Desta decisão foi interposto recurso obrigatório pelo Ministério Público.
Neste Tribunal, o Exmo. Procurador-Geral Adjunto alegou, sustentando a não inconstitucionalidade das normas em causa.
O recorrido contra-alegou, defendendo que devia ser confirmada a decisão do tribunal a quo.
Dispensados os vistos, cumpre decidir.
O Tribunal Constitucional e, concretamente, a sua 2ª Secção, já teve ocasião de julgar organicamente inconstitucionais as normas dos referidos artigos 10.º, n.º1, 13.º, n.º1, e 17.º, n.º2 do Decreto-Lei n.º 14/84, designadamente no Acórdão n.º 160/ 91, de que se junta fotocópia aos autos.
Não havendo motivo para alterar essa jurisprudência, reafirma-se aqui a fundamentação aduzida no mencionado aresto, que se dá por inteiramente reproduzida.
Nestes termos, nega-se provimento ao recurso.

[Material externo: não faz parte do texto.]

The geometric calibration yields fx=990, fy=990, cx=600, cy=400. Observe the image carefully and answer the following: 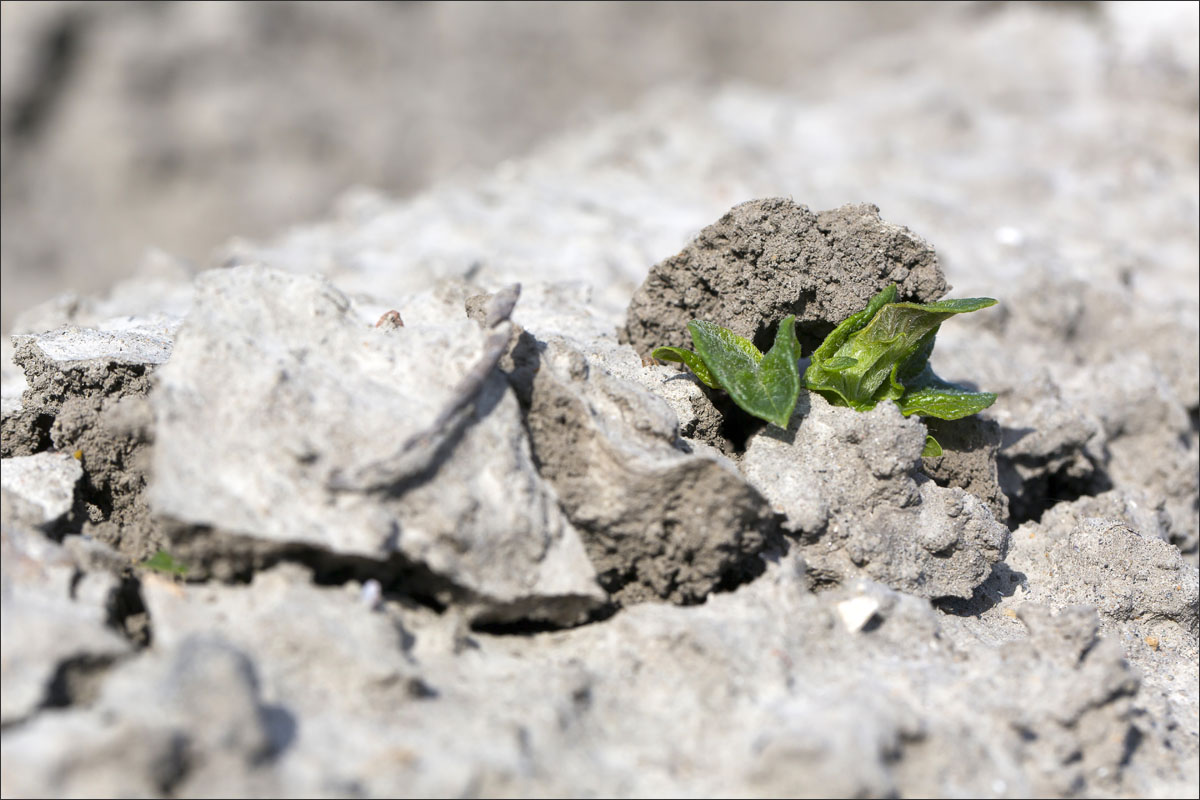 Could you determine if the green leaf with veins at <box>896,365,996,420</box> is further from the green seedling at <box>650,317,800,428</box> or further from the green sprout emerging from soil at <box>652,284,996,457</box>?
the green seedling at <box>650,317,800,428</box>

Lisboa, 3 de Julho de 1991.
Luís Nunes de Almeida
Mário de Brito
Fernando Alves Correia
Messias Bento
José de Sousa e Brito (vencido nos termos da minha declaração de voto junta ao acórdão n.º 155/91).
Bravo Serra (vencido, pelos fundamentos constantes das declarações de voto por apenso nos Acs. 155/91 e 160/91).